We recently had a bug report in Clover.NET that it was not handling UTF-8 encoded files. We had to smile because we had earlier had a bug report that Clover.NET only handled UTF-8 files and could barf on files that were written in the local encoding. Nevertheless the bug was certainly valid.

It turns out that there is more to this than we thought – there’s a little trickery being performed by Visual Studio and the compiler, csc. The /codepage description in MSDN gives a clue:

If the source code files were created with the same codepage that is in effect on your computer or if the source code files were created with UNICODE or UTF-8, you need not use /codepage.

So you can use either your default encoding or you can use UTF-8. Hmmmm. It turns out that this applies even to UTF-8 files which do not have the initial UTF-8 signature. How does the compiler decide which encoding to use? Certainly with my default encoding, CP-1252, there are byte sequences which are both valid 1252 encoding and UTF-8 encoding.

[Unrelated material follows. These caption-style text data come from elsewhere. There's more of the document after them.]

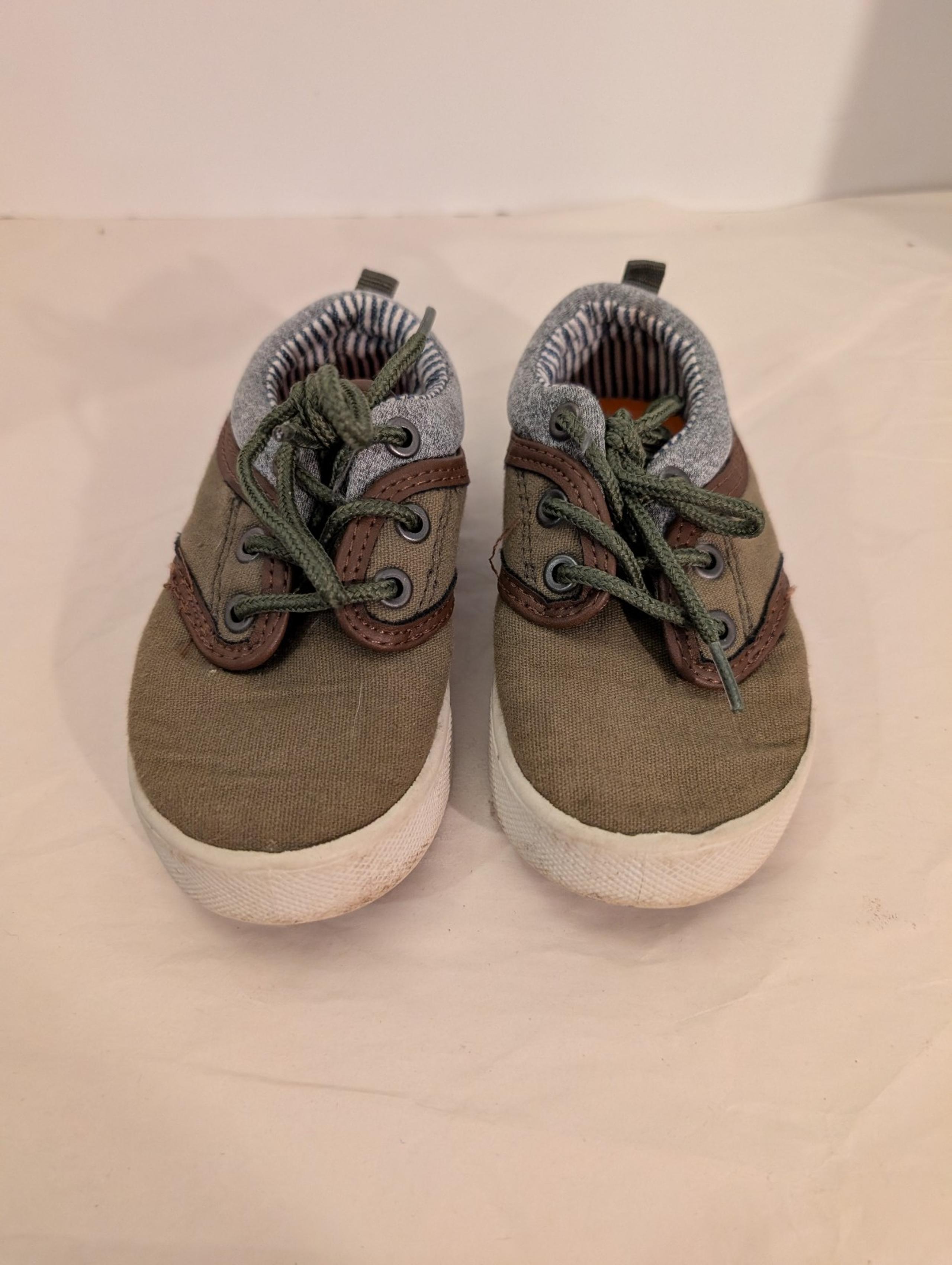 OshKosh B'Gosh Nico Toddler Boy Olive Green Lace Up Sneakers in Size 7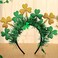 Olbye St.Patrick's Day Headband Shamrock Green Hairband Glitter Clover Headbands Irish Costume Hair Accessories for Women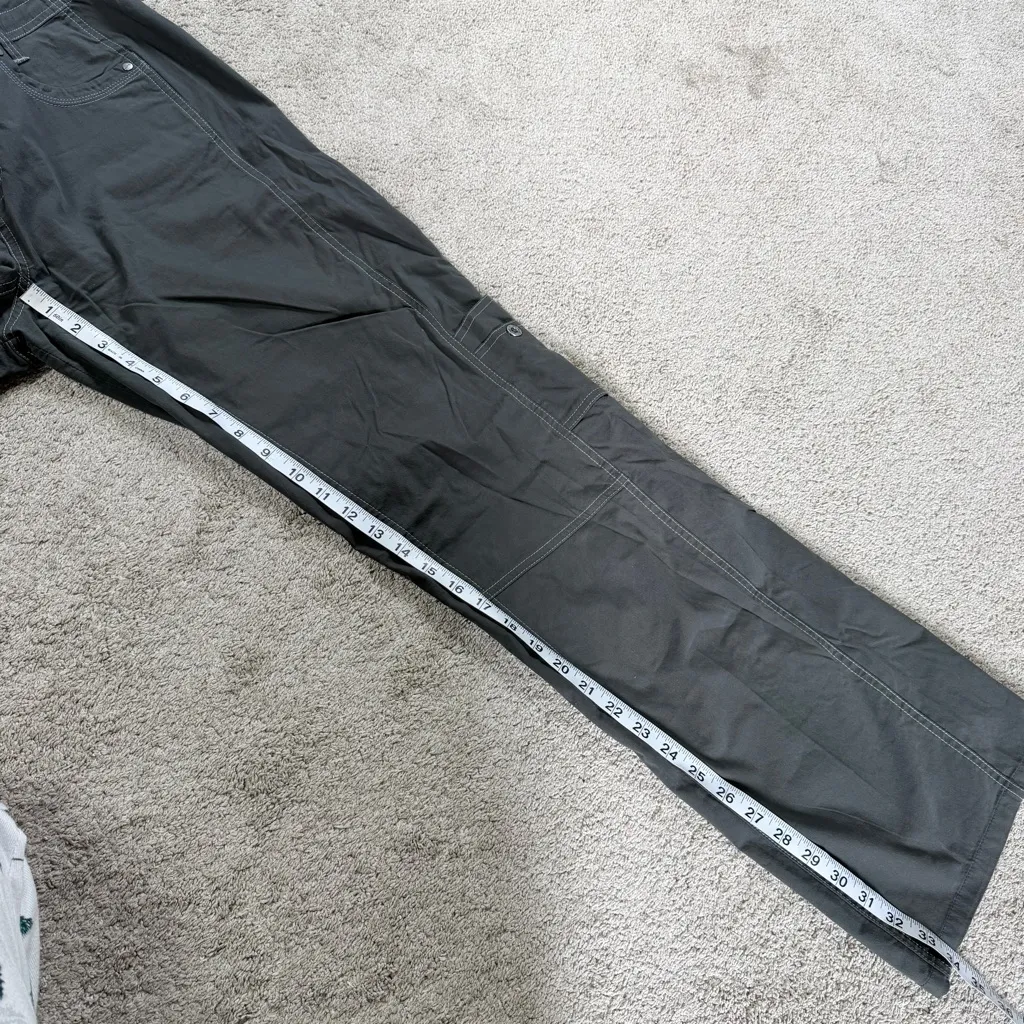 Kuhl Women’s Free Range Pants Cargo Straight Leg Mid Rise Outdoor Gray 14 Long - Image 15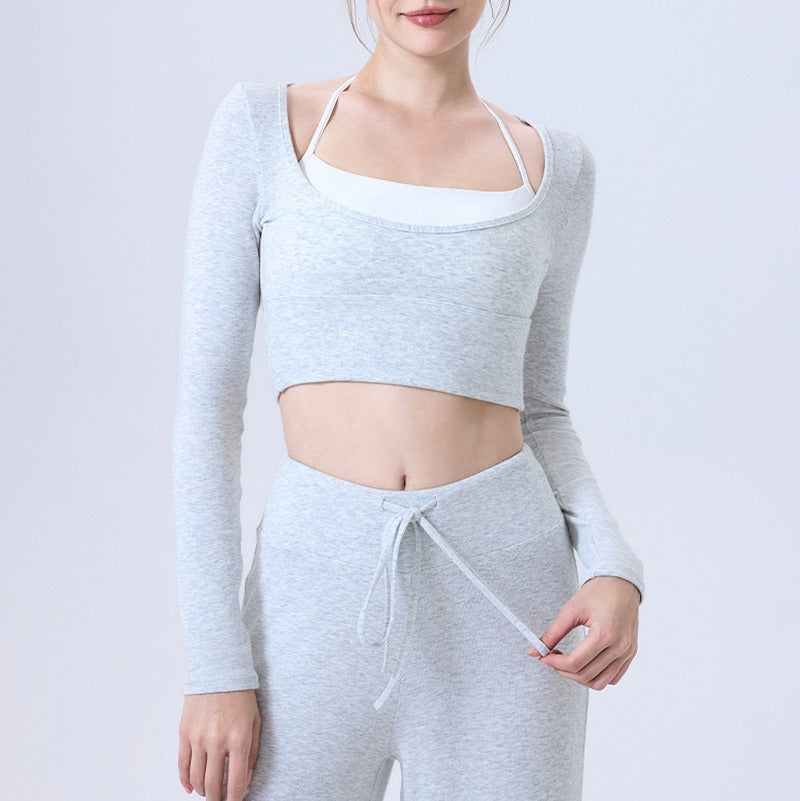 Plush Knit Layered Halter Long Sleeve Yoga Crop Top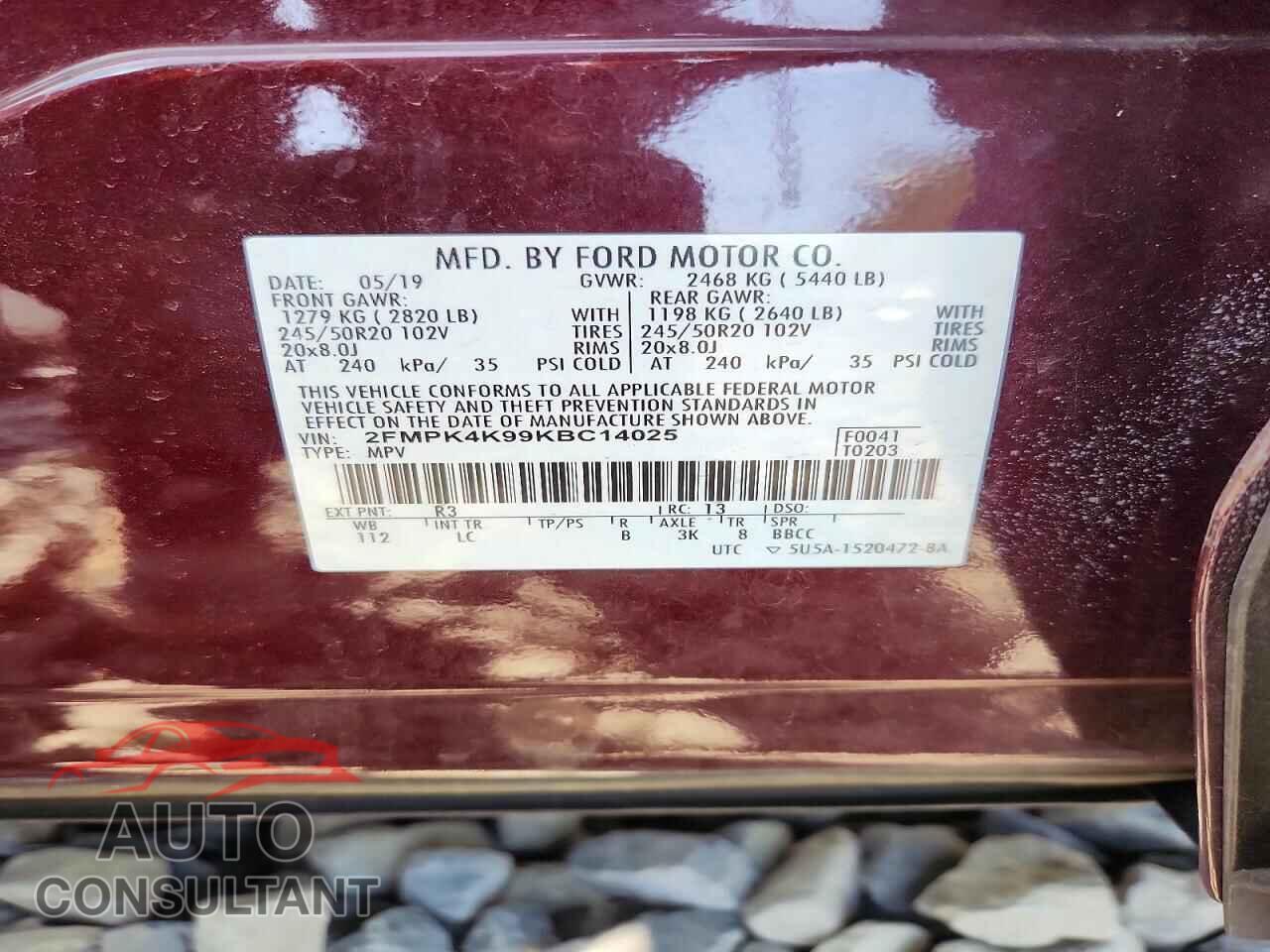 FORD EDGE 2019 - 2FMPK4K99KBC14025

Well, of course, I don’t know what goes on in csc’s internals but the effect seems to be that it assumes UTF-8 and falls back to the default encoding if there is a problem.

It’s not too critical with csc where you can explicitly designate the codepage for the compielr to use. What about Visual Studio, where you can;t control the codepage. If your default encoding is 1252, try this little example. Create a new file and copy the following code into it. (I’m hoping all this encoding works between your browser, my browser and my server).

using System;

namespace Sample
{
    public class SampleClass
    {
        private const string testData = "§";
        
        public static void Main() 
        {
            Console.WriteLine("Hello - " + testData);
        }
    }
}

Now save the file and close it. Then reopen it. For me the result is

using System;

namespace Sample
{
    public class SampleClass
    {
        private const string testData = "§";
        
        public static void Main() 
        {
            Console.WriteLine("Hello - " + testData);
        }
    }
}

The initializer for testData has changed. What has happened is that the string that initializes testData is valid in both codepage 1252 and UTF-8. Hey, IDE, don’t change my code. I really don’t like that. If we change the code to be what was originally entered, the change will now stick. I guess that Visual Studio realizes the encoding is now UTF-8 and saves the file with UTF-8 encoding. If, however, you open the file assuming encoding 1252 (try wordpad), the string will have become "ç"

Maybe I’ve got it wrong but it seems it’s all too clever by half. Maybe nobody will be using these combinations of odd characters and the convenience of guessing the encoding is worth the risk. Yet, having the IDE assume an encoding which may not be correct and even changing the file encoding is not cool in my book.

If you are using some odd characters in your file and you don’t intend to live wholly within the IDE, be careful about how your files are encoded.